25 de maio de 2005

Traidor ou refugiado?

Com essa novela da Globo, que minha mulher teima em assistir, eu tenho recebido vários e-mails que variam em dois temas:

a) Coitado de você e tudo que você passou aí!
b) Seu traidor, como tem coragem de abandonar o seu país!?!

O primeiro me faz rir. Porque eu vim para cá totalmente legalizado, numa condição muito melhor que muito americando nascido aqui. Visto de trabalho, salário de classe média, emprego bom, trabalho interessante, nunca fui discriminado em lugar algum... Enfim, dei sorte.

Eu sei que e vejo muito brasileiro (e outras nacionalidades também) vindo para cá para viver em condições que eu considero questionáveis - mas que eles obviamente acham aceitáveis. Diria até que melhores que no Brasil, já que vieram para cá, e ficam aqui.

Não foi meu caso, podem ficar tranquilos.

O segundo tipo de e-mail deveria me causar indignação, mas causa mesmo uma certa pena.

As pessoas no Brasil (no mundo!) hoje tem uma mentalidade anti-americanista virulenta. Não que não haja razão para ter um pé atrás com a política externa que o país sempre desenvolveu e que piorou com o Bushismo. Mas o que me espanta e o nível da "reação".

A Europa é muito pior em termos de relações comerciais com o Brasil que os EUA. Os EUA tem uma relação comercial que beneficia o Brasil que nenhum outro país tem. Nada disso conta.

Os EUA, historicamente, livraram o mundo de vários potenciais reinados sombrios. Segunda guerra mundial e o comunismo Russo são os exemplos mais gritantes. Isso também não importa.

Uma grande parte das drogas e avanços tecnológicos que beneficiam a humanidade - com um custo, claro, é o capitalismo (o único sistema que funciona) - foram inventadas ou aperfeiçoadas nos EUA. Isso é irrelevante.

E qualquer um que ouse se basear nos EUA, é obviamente um traidor biltre.

O Brasil, por outro lado, não tem problemas. É uma nação impar, que não erra. Estamos acima do bem e do mal.

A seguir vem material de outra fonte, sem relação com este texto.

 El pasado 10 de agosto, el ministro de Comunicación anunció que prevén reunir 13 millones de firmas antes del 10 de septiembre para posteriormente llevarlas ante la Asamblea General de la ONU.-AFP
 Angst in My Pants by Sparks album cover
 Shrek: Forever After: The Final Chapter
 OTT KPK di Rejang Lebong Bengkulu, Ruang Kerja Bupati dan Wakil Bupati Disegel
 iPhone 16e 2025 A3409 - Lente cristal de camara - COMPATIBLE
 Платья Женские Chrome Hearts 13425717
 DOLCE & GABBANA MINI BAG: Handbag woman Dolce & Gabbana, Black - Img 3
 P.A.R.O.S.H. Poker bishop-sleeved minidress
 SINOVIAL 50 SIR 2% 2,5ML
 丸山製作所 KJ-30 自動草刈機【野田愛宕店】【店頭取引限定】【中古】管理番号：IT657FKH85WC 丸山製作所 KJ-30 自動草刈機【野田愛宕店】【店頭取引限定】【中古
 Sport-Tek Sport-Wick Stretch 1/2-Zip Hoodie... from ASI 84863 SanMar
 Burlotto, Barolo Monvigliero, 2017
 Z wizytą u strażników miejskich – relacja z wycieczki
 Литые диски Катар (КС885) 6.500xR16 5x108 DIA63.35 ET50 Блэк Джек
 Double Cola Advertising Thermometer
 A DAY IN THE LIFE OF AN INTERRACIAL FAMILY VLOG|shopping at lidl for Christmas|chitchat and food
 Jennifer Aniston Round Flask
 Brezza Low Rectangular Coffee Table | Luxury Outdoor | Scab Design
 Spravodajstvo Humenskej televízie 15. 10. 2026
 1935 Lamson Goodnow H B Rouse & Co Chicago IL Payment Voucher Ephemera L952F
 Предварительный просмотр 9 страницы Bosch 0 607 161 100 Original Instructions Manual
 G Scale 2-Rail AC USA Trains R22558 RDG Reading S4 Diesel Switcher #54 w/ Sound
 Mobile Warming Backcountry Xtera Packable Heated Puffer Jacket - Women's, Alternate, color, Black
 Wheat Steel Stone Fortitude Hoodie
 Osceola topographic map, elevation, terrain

Todos os países do planeta terra (e eu me aventuro a dizer de qualquer planeta onde humanos habitem) tem problemas. Cada indíviduo tem de avaliar que problemas está disposto a conviver ou qual problemas é capaz de sobreviver.

Eu decidi que prefiro viver num país onde eu discordo majoritariamente da política externa e de mais alguns resquícios de ignorância; do que num onde eu discordo de quase tudo e onde a ignorância é predominante. Prefiro conviver com a ignorância e o super-conservadorismo de alguns vizinhos, do que não ter certeza de se vou conseguir voltar pra casa vivo - apesar dos impostos pagos em dia (e caros). Prefiro falar outra língua e viver todos os dias com saudades do mar, do que falar a minha, ter o mar, e ver minha sociedade sendo lentamente dizimada pelo caos, sem nenhum tipo de reação.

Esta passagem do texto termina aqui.